Köln. An Bord des Rheinschiffs "Viking-Helvetia" treffen sich Menschen, vorwiegend Frauen, die ihren Partner verloren haben. Durch viel Beistand können sie hier die nötige Kraft schöpfen, den Schmerz zu verarbeiten.

Ein wenig schwankt die Viking-Helvetia, die auf den Wellen des Rheins von Rüdesheim nach Köln unterwegs ist. Wer auf dem Kreuzfahrtschiff spaziert, muss das Gleichgewicht suchen. "Vor allem das innere", sagt Irma Heyne-Beuse. "Jedenfalls in unserer Regen-Bogen-Gruppe." Hier reisen Menschen, die ihren Partner verloren haben.

Wer sie abends sieht, wenn sie auf dem Schiff herumtanzen, kann das kaum glauben. Werner (71), ehemaliger Opel-Arbeiter aus Wanne-Eickel und einer der wenigen Männer in der Gruppe: "Tagsüber sind die ruhig, aber abends werfen die die Krücken weg und legen los." Übertrieben sind nur die Krücken. Denn selbst die älteste Dame, eine 87-jährige Rheinländerin, kommt noch gut ohne orthopädische Stützen zurecht.

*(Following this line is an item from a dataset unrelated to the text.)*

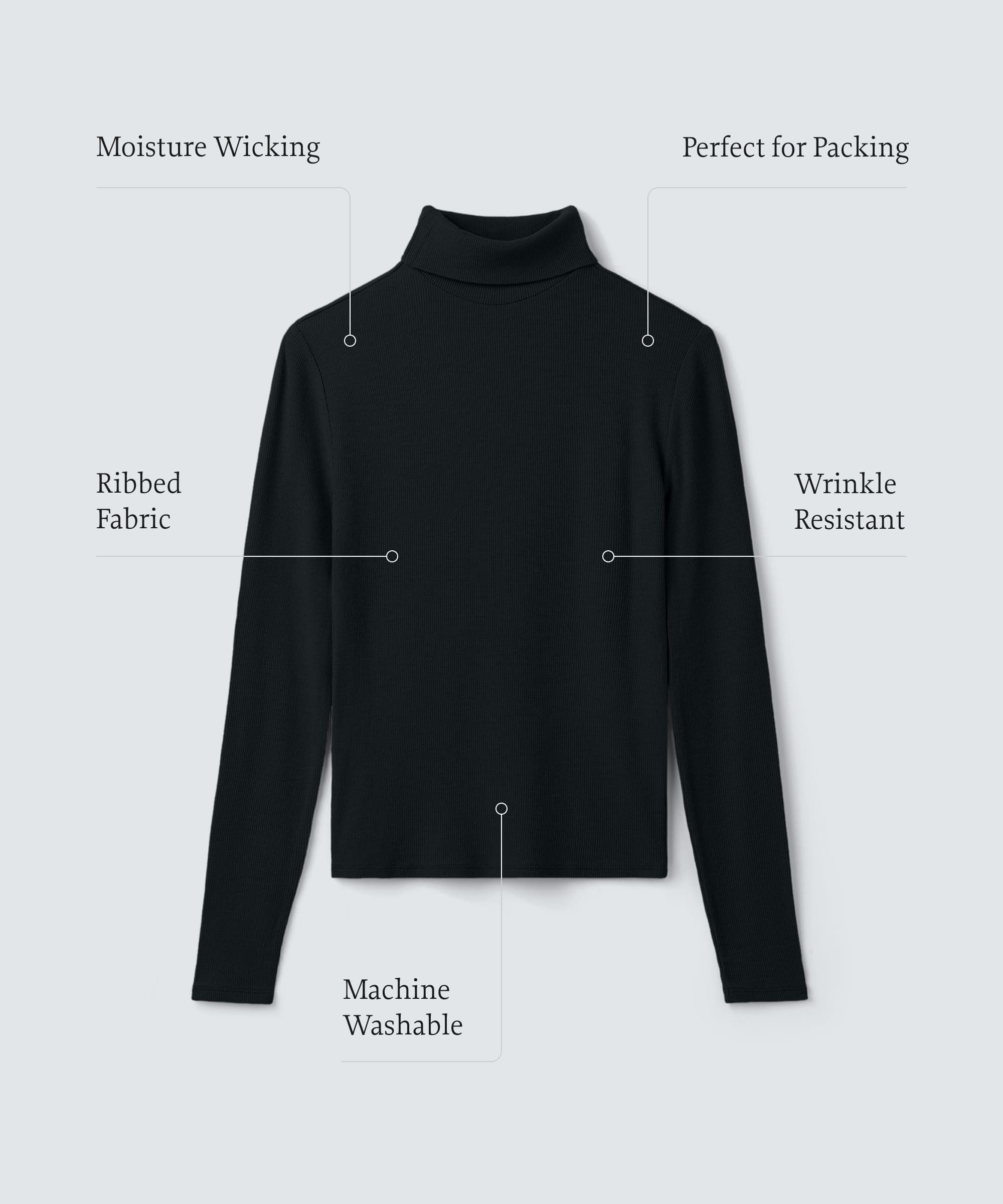 Women's Rib Turtle Neck Long Sleeve | Unbound Merino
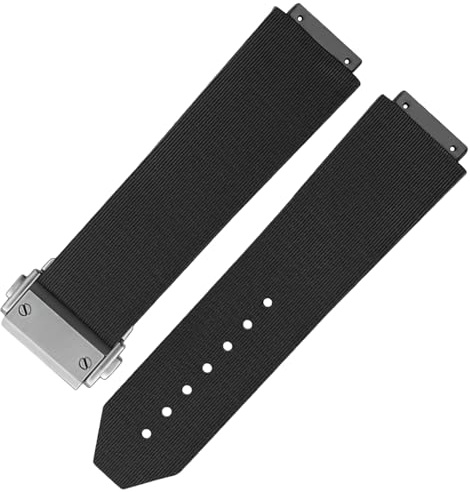 HiCycle2 Bracelet de montre de rechange en caoutchouc pour Hublot Big Bang Luna Rossa 25 x 19 mm (noir et argent)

Werners Frau ist an Brustkrebs gestorben. Lange hat sie gekämpft. Dann war Schluss, sagt er. Er wollte seiner Tochter nicht mit dem Gejammer auf die Nerven gehen. Aber eine Trauerreise? Die Tochter habe gesagt: "Papa, fahr doch einfach mal mit!" Mit allem hatte er gerechnet. Aber nicht mit dieser Fröhlichkeit. Gut, dann macht er eben mit. Abends, ab in die Mitte, wo die Frauen sich schwofend den Stempel der "lustigsten Truppe an Bord" verdienen. Dass sie eigentlich unterwegs sind, weil sie trauern?

"Ja, denn lachen und weinen gehören sehr eng zusammen", sagt Eva Chiwaeze. Sie ist als Trauerbegleiterin der Hospiz-Initiative Wesel mit an Bord der Regen-Bogen-Reisen. Eine Idee, die so außergewöhnlich ist wie aus der Not geboren. "Als mein Mann starb, war ich am Ende. Ich wollte nicht mehr. Erst durch Gespräche im Hospiz habe ich wieder Kraft gefunden. Und da ist die Idee geboren", sagt die Initiatorin Irma Heyne-Beuse. Ein Leben lang hatte sie am Niederrhein ein Reisebüro geführt. Jetzt mit 71 Jahren wurde sie zur Jung-Unternehmerin. Mit – ja mit was?

In Gesprächen erhalten die Reisenden Beistand. (Fotos: WAZ, Jakob Studnar)
In Gesprächen erhalten die Reisenden Beistand. (Fotos: WAZ, Jakob Studnar) © WAZ

Trauerreisen? Witwenreisen? Nein, das seien nicht die richtigen Begriffe. Aber letztlich seien Begriffe doch auch egal, sagt Marlies.

Vor knapp einem Jahr starb ihr Mann. Diese Leere, auf einmal ist keiner mehr da, mit dem man das Leben teilen kann. "Der einem Guten Morgen sagt oder Gute Nacht", sagt sie – und dann holen die Tränen sie ein. Frau Chiwaeze ist zur Stelle. Nimmt ihre Hand. Hört ihr zu.

"Ich kann die Trauer nicht nehmen", sagt sie später. "Aber ich kann Beistand geben. Und den Menschen die Gewissheit, dass sie es aus eigener Kraft schaffen können, die Trauer zu verarbeiten. Auch wenn es Zeit braucht."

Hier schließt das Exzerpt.